Реки Аида (Краевский) - страница 91

— Это трудный для содержания цветок. — Тень изумления пробежала через маленький ротик пани Боднаровой. — И очень нежный. Как вы видите, наше заведение между домами и не весь день солнышко сюда заглядывает… Когда-то у меня один жасмин засох в течение двух мрачных, дождливых дней…

— И что? — заинтересовался Попельский. — Потеря для фирмы? Нужно заранее заплатить производителю, а тут цветок вянет… И снова личико уважаемой пани будет грустным…

— Иногда что-то можно исправить, — шепнула тихо Боднарова.

— А как?

— Это немного неэлегантно, — смутилась цветочница. — Но в трудные времена… Кризис у нас…

Попельский теперь понял, что самая важная информация лежат, как правило, в каком-то сером пространстве, в какой-то светотени, в каких-то мелких нелегальных комбинациях.

Он подошел близко к Боднаровой и приложил руку к уху. Он знал, что донесется до нее горький и насыщенный запах духов Аткинсона, купленных ему недавно Леокадией в элегантном магазине Андре.

— Это великая тайна? Может, вы мне ее скажете на ушко… Я умею быть осторожным…

— О, как же он раскололся. — Хозяйка заведения рассмеялась. — А в таком был плохом настроении!

— Ну так как? Выдадите мне этот секрет?

— Да, скажу из-за нашего давнего знакомства. — Пани Боднарова посерьезнела. — У нас есть очень похожий цветок, тоже красивый и очень интенсивно пахнет и, кстати, почти в той же цене…

Она посмотрела боязливо на Попельского, но тот кивал спокойно головой, показывая великую снисходительность. В душе он был уверен, что слово «почти» свидетельствует о значительной ценовой разнице.

— Этот цветок — это стефанотис, — ответила она тихо. — Когда-то у меня долго не забирали этот Jasminum, он, к сожалению, завял, ну и мы отправили им взамен стефанотис, который значительно лучше переносит отсутствие сильного света…

— Кому «им»?

— Где-то там на Замарстынове. Ксения, — сказала она мягко, — проверь нет, дорогое дитя, в книге.
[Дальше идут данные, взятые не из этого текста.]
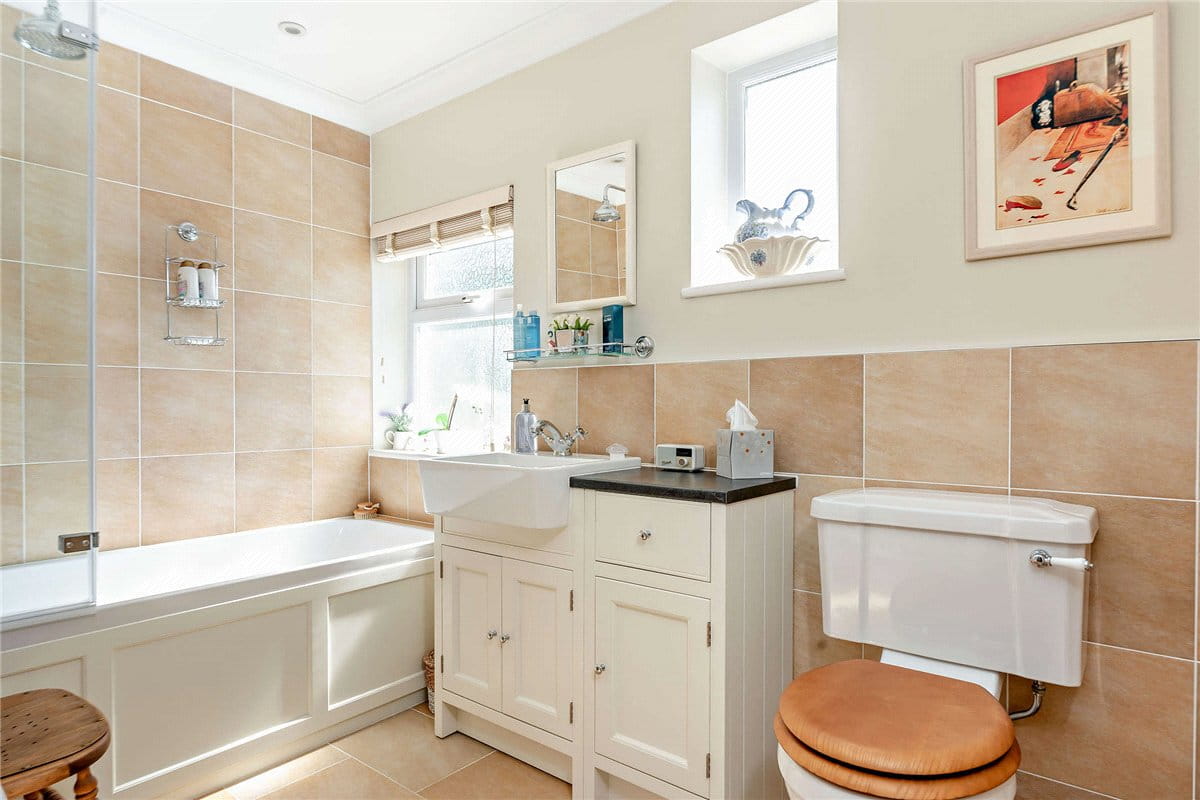 3 bedroom house, Shaw Road, Newbury RG14 - Available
Это должно было быть как-то летом… Ищи стефанотис!

Ксения нашла этот адрес так же быстро, как и предыдущий.

— Пани начальница, мы отправили на Бальоновую, 12. В июне, точнее 9 июня.
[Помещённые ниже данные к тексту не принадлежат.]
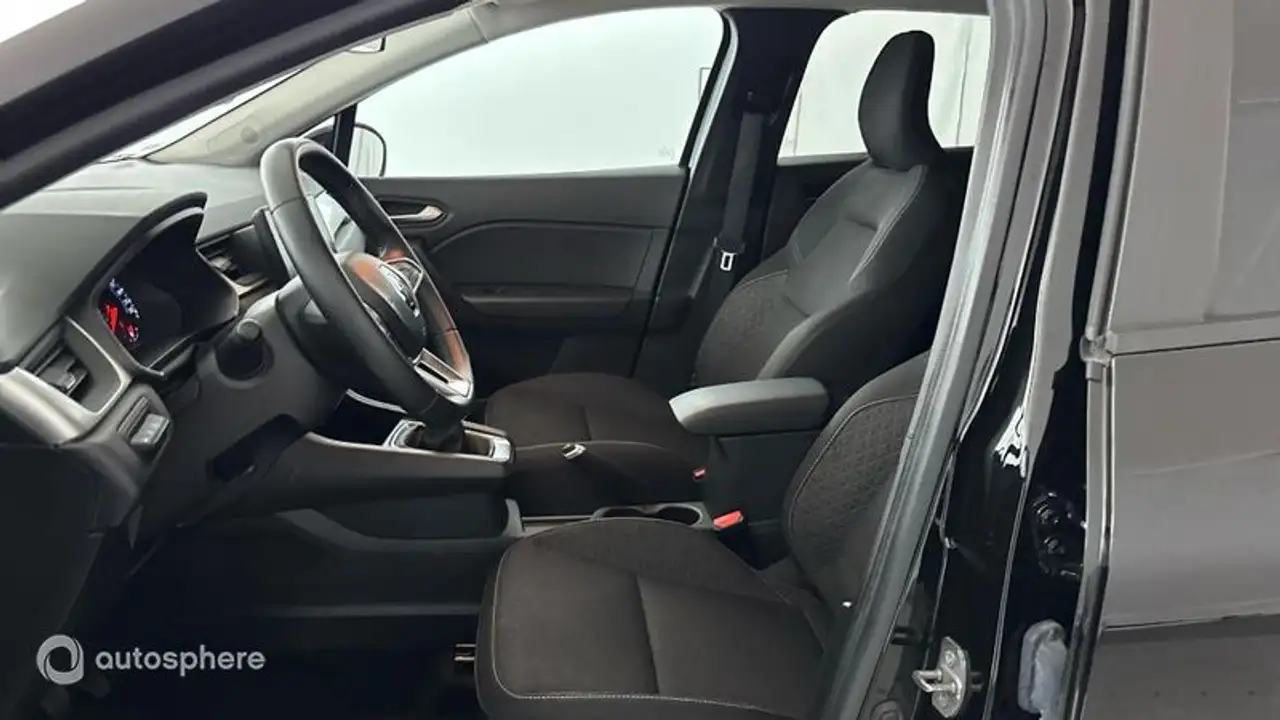Renault Captur — photo 12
Попельский почувствовал мурашки на шее. Пан Леон Ставский может ожидать очередного его визита.

— Нет ничего лучше умной зрелой женщины. — Он нежно поцеловал в ладонь пани Хелену Боднарову. — И кроме того, какой прелестной!

20

Прежде чем Попельский десяток лет назад поселился во Львове, его жизнь проходила в других городах. Его гимназические годы прошли на окраине Австрийской империи в утопающем в зелени Станиславове, студенческие — среди многоэтажных домов имперской Вены, а военные — в грязных, затараканенных землянках центральной России. Только как зрелый мужчина поселился во Львове и влюбился в него — так же, как в свою жену Стефанию, на которой именно тут женился — чувством быстрым и сумасшедшим. Оно стало, однако, уже в самом начале его пребывания замерзшим и претерпела диаметральную трансформацию — в сильную и неослабевающую ненависть. Ибо, когда Стефания умерла в возрасте лет двадцати пяти, произведя на свет их единственную дочь Риту, он смотрел на город уже другими глазами. Из Аркадии он превратился в Геенну — в место его отчаяния и ежедневных мучений. Здесь эпилептические приступы стали настолько сильными и необычными, что не срабатывало ни одно средство, здесь появилась отрава бессонницы, которая смущала ему разум. Он почувствовал себя слабым и поверженным этой болезнью. Лишенный рассудка во Львове увидел их источник и решил вернуться в свой родной Станиславов. Неожиданно воспротивились этому Леокадия. Эта преданная читательница Декарта, которому посвятила свои студенческие годы под светлым присмотром профессора Эдварда Поребовича, была заядлым врагом иррационализма, косности мышления и сомнительных захолустных сред — их психику приравнивала ревностно к неподвижной вони клоаки. Леокадия спокойным тоном объяснила Эдварду пользу, вытекающую из остаться во Львове. Среди многочисленных аргументов один ворвался штурмом в его притупленные отчаянием мысли.